→ Try it: In the listing below, find each line containing "Long" and report it.
[Opening Data to examine section]
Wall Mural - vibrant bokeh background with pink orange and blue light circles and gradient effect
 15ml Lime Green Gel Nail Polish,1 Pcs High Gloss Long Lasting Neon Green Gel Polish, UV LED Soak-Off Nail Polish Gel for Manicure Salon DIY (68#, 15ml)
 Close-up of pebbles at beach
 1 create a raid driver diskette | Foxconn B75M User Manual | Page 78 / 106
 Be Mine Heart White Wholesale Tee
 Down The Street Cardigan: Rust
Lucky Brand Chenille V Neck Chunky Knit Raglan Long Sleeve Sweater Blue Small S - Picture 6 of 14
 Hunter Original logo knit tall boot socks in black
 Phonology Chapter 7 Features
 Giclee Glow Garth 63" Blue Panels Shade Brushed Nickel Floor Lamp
[Closing Data to examine section]
→ Response to the exercise:
 15ml Lime Green Gel Nail Polish,1 Pcs High Gloss Long Lasting Neon Green Gel Polish, UV LED Soak-Off Nail Polish Gel for Manicure Salon DIY (68#, 15ml)
Lucky Brand Chenille V Neck Chunky Knit Raglan Long Sleeve Sweater Blue Small S - Picture 6 of 14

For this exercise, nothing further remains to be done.